# Task
In your copy, include every entry exactly as written but no pictures.

# Dataset content
================

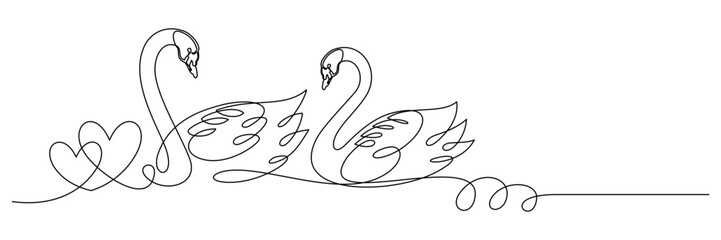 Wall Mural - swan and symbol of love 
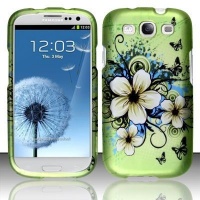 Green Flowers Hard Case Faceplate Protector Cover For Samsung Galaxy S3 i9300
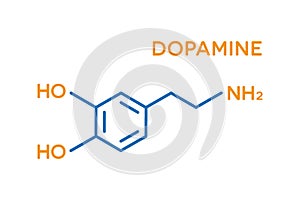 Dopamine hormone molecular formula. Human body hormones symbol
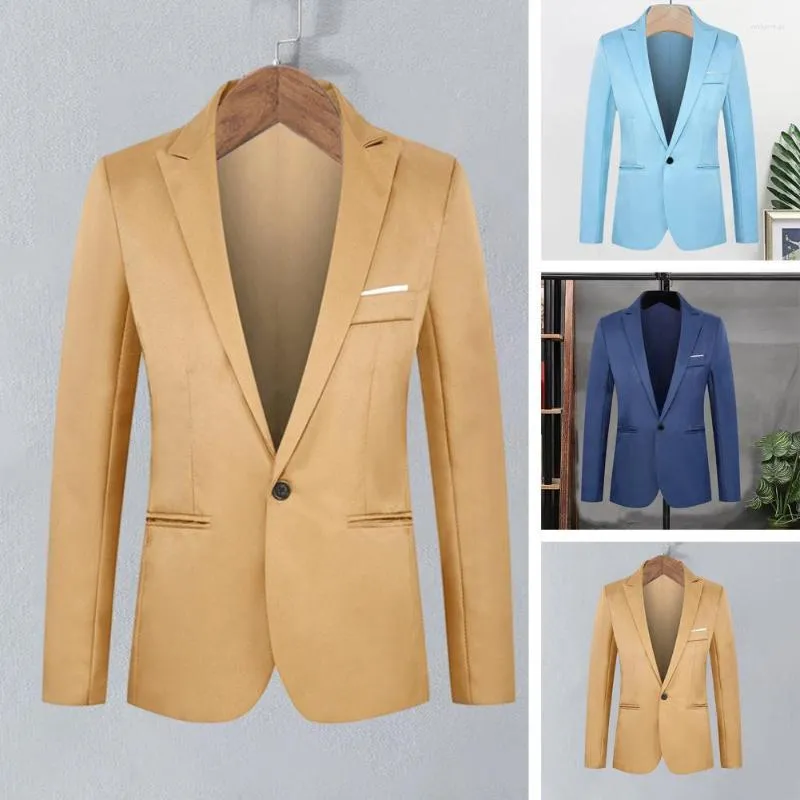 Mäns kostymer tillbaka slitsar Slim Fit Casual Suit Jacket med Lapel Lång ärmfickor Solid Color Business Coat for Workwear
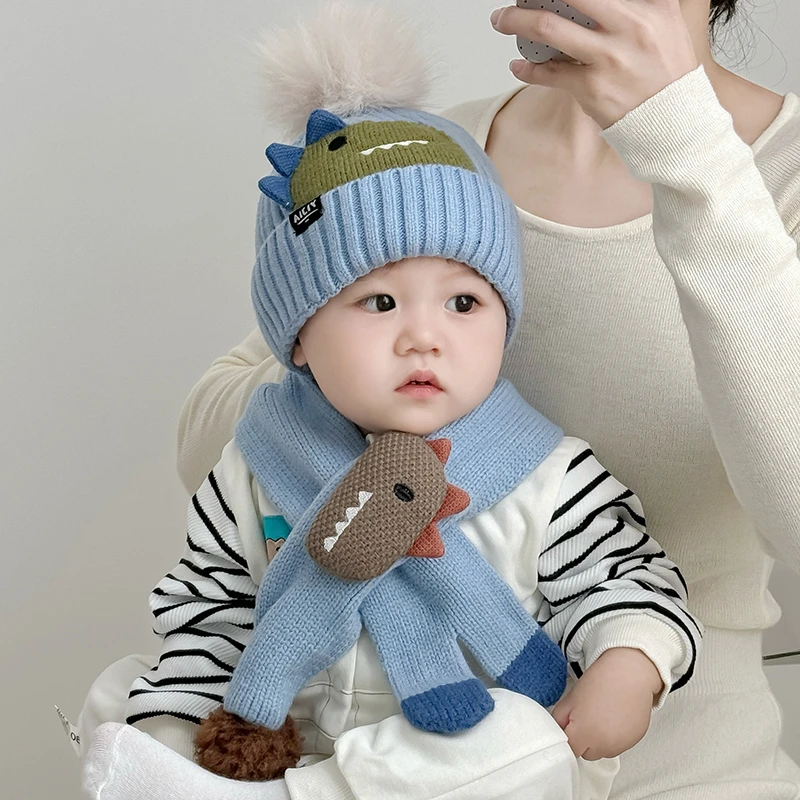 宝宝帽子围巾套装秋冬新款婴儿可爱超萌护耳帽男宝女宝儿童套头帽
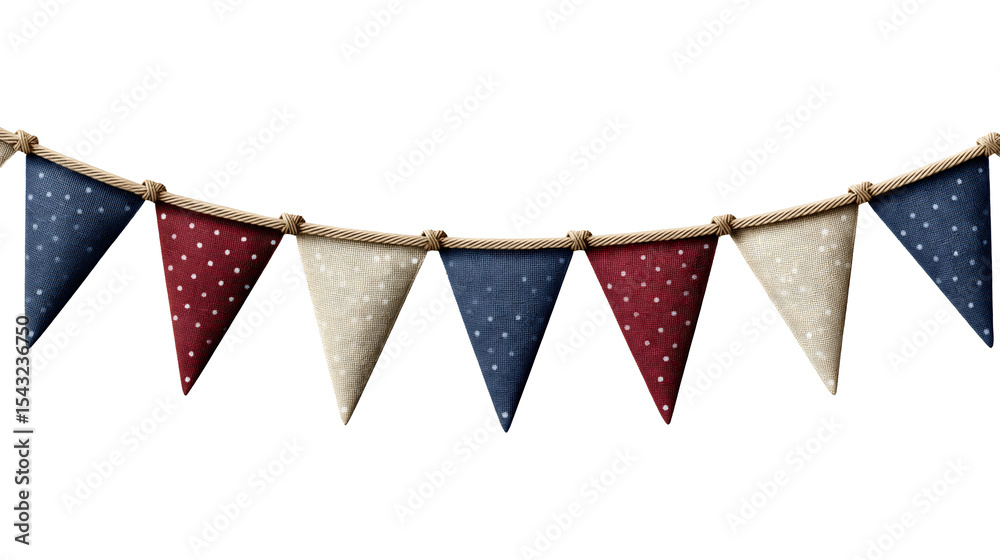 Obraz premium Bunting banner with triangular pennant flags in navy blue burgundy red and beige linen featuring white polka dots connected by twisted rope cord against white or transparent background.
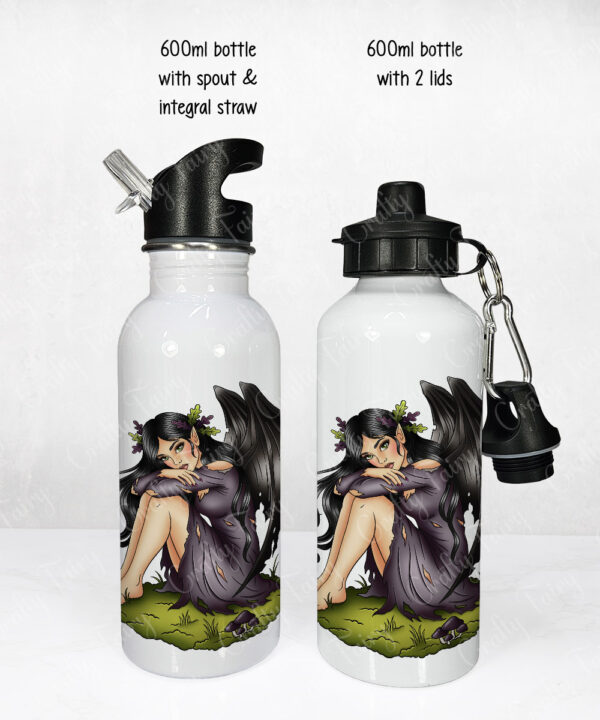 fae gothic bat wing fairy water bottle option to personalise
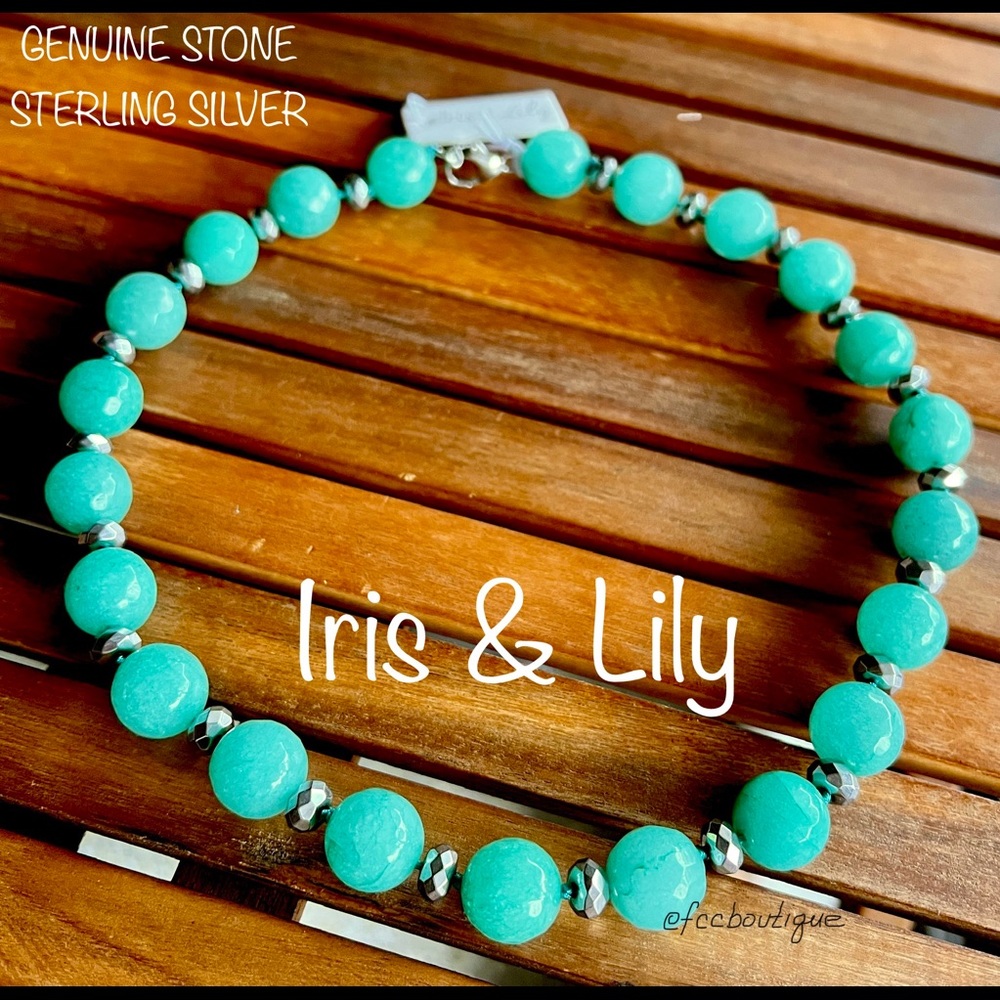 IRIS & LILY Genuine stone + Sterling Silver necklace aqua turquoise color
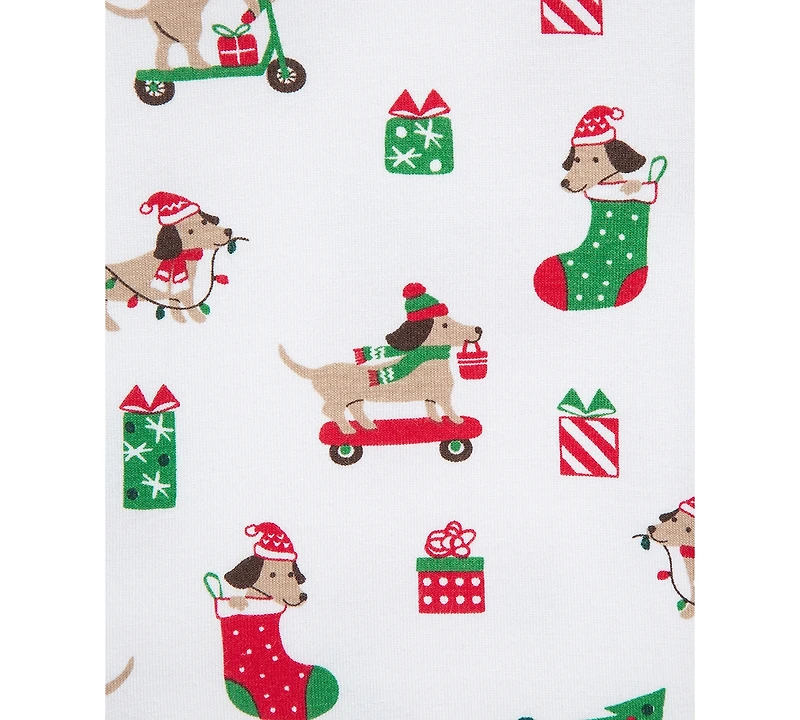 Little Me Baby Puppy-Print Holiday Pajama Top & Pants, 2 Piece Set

================

# Solution to this exercise
 Wall Mural - swan and symbol of love 
 Green Flowers Hard Case Faceplate Protector Cover For Samsung Galaxy S3 i9300
 Dopamine hormone molecular formula. Human body hormones symbol
 Mäns kostymer tillbaka slitsar Slim Fit Casual Suit Jacket med Lapel Lång ärmfickor Solid Color Business Coat for Workwear
 宝宝帽子围巾套装秋冬新款婴儿可爱超萌护耳帽男宝女宝儿童套头帽
 Obraz premium Bunting banner with triangular pennant flags in navy blue burgundy red and beige linen featuring white polka dots connected by twisted rope cord against white or transparent background.
 fae gothic bat wing fairy water bottle option to personalise
 IRIS & LILY Genuine stone + Sterling Silver necklace aqua turquoise color
 Little Me Baby Puppy-Print Holiday Pajama Top & Pants, 2 Piece Set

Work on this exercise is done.